In 1608 William Shakespeare disapprovingly coined the word football in his play ‘King Lear’  “Nor tripped neither, you base football Player.”  And again in the ‘A Comedy of Errors’, penned this sonnet.

Am I so round with you as you with me,
That like a football you do spurn me thus?
You spurn me hence, and he will spurn me hither:
If I last in this service, you must case me in leather.


 Beautiful you may agree. 

This mob game is still played to this day on shrove Tuesdays in many rural towns in England.

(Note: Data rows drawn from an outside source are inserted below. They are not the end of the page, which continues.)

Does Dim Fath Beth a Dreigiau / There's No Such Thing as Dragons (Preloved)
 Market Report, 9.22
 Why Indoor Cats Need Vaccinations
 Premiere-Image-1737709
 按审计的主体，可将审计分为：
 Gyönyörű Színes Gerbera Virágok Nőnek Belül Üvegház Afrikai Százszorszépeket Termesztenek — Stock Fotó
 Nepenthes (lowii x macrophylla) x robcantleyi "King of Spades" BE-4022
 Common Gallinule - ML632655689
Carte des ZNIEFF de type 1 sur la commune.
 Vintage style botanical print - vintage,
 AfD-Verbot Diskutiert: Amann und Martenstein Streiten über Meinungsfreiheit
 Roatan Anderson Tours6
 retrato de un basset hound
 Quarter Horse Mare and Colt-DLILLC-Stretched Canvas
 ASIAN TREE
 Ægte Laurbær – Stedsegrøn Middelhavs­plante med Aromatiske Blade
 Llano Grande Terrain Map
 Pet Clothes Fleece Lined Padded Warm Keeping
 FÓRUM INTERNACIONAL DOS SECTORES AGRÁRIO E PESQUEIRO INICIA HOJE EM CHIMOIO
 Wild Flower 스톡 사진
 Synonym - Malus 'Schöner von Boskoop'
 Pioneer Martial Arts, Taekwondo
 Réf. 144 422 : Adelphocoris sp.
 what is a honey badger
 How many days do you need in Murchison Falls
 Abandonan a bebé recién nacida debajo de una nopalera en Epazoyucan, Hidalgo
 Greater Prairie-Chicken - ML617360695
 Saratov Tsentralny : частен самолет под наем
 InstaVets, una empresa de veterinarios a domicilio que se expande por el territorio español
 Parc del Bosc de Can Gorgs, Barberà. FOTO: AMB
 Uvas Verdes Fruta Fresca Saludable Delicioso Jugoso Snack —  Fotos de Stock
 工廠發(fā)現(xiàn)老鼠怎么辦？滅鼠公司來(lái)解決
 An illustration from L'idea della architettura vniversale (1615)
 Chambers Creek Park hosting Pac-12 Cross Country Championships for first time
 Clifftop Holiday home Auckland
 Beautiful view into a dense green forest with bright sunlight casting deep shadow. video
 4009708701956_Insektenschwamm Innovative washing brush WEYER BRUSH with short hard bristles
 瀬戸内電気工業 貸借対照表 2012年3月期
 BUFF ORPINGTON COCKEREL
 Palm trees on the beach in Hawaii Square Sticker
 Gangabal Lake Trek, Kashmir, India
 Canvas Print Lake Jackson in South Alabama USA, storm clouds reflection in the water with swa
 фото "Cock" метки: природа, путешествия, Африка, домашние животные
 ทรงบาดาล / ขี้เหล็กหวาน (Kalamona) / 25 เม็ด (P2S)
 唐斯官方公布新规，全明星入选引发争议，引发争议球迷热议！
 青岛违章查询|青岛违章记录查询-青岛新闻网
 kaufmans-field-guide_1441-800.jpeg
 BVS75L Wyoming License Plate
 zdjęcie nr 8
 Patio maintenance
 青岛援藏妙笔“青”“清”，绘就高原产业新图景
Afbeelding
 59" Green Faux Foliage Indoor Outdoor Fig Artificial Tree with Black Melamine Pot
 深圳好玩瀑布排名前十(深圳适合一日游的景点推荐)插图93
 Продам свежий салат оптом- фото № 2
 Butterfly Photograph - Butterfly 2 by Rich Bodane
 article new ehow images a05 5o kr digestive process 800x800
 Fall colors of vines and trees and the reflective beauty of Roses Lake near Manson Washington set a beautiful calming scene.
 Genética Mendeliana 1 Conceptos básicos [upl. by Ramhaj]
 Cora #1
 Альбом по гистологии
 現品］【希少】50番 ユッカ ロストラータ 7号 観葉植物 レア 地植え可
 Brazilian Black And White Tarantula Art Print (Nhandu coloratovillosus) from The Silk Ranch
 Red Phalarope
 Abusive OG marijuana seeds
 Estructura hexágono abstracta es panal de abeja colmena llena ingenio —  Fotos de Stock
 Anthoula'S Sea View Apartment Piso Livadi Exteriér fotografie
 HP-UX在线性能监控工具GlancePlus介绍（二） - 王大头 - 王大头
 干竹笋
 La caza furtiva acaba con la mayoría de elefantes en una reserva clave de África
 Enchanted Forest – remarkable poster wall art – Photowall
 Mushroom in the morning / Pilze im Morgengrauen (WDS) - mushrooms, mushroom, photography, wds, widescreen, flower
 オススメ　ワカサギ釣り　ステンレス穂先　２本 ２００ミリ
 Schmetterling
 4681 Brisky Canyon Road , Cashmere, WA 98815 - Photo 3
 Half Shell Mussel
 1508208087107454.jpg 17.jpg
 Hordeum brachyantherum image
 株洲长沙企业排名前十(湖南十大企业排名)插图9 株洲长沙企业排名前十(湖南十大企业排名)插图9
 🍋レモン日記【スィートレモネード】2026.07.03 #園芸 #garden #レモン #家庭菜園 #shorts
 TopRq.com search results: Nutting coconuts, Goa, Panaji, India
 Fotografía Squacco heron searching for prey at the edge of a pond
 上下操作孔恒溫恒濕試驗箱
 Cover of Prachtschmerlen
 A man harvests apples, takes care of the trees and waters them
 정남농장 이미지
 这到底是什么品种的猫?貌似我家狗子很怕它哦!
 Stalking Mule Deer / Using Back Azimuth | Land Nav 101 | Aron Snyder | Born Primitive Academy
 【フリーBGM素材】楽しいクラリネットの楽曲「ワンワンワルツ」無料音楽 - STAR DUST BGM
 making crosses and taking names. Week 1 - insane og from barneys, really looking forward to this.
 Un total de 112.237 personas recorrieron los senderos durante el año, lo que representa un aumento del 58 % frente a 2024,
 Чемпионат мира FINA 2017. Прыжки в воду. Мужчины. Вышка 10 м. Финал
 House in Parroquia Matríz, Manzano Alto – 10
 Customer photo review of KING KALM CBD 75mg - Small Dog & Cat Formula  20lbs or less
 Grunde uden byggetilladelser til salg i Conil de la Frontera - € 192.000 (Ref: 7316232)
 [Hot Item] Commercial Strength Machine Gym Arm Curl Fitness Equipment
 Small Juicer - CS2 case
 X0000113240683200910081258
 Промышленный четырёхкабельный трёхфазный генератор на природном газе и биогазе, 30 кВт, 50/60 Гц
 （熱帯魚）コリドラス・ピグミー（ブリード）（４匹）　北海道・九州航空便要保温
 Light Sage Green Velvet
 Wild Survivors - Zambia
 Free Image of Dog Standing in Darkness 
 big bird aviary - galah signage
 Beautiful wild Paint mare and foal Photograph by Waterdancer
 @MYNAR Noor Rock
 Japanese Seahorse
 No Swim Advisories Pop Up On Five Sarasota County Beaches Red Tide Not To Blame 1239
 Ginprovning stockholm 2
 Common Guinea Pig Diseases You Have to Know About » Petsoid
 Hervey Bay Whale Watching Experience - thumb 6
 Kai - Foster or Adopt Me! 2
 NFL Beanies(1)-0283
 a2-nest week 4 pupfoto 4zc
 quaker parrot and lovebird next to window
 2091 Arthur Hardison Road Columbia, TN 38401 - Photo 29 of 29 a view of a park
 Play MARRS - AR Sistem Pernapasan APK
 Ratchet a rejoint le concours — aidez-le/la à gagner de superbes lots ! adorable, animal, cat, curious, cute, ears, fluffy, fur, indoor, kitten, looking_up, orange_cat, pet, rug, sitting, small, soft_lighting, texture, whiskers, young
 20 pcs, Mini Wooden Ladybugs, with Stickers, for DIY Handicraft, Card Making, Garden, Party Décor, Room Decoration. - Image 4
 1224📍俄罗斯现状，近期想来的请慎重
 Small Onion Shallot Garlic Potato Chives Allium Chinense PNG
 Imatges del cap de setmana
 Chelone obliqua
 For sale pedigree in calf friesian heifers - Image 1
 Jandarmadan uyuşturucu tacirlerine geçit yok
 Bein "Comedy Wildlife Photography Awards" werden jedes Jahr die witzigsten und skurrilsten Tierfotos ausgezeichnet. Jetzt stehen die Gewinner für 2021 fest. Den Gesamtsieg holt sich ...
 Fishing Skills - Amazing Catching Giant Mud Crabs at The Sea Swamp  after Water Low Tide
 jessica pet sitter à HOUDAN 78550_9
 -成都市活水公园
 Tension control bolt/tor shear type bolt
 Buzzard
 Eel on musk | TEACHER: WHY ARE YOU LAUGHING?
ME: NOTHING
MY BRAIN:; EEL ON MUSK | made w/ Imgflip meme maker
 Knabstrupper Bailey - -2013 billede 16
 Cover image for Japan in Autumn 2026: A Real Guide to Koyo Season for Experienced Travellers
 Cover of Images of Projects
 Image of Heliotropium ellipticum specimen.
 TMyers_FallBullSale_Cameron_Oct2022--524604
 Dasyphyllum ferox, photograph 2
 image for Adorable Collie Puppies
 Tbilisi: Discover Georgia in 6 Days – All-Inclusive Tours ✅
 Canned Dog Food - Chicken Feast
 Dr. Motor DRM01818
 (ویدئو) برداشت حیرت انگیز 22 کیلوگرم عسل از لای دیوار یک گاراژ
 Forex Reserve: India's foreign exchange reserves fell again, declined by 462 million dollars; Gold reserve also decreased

Football the game we know now however really started to take shape when the public school system introduced it into their individual programmes as the it was seen as beneficial to the youngsters for it’s fitness, team work and promotion of pro active and sporting behaviour.  Both Oxford and Cambridge Universities having been playing since the fourteenth century but it wasn’t until Eton in 1815 that the first written codes appeared where rules were pronounced and a real consistent game by game structure was introduced, this was however internal to the college itself and other codes started to appear thereafter such as Alderham school in 1825 which was largely based on previous versions but tweaked maybe to give the advantage to the home team on such occasions as an exhibition match between rival schools. 

At Rugby school in 1823 playing a game of football William Webb Ellis sat on a football, misshaped it, picked it up and ran with it to the opponent’s goal and became the defining moment in separation of Football and Rugby.

The Cambridge rules in 1848 saw for the first time a set of rules, which were uniformly agreed, by a set of schools in the south of England.  The Sheffield rules only a few years later saw a similar cartel in the north, these rules included free kicks, corner kicks, throw-ins and added inclusion of crossbars.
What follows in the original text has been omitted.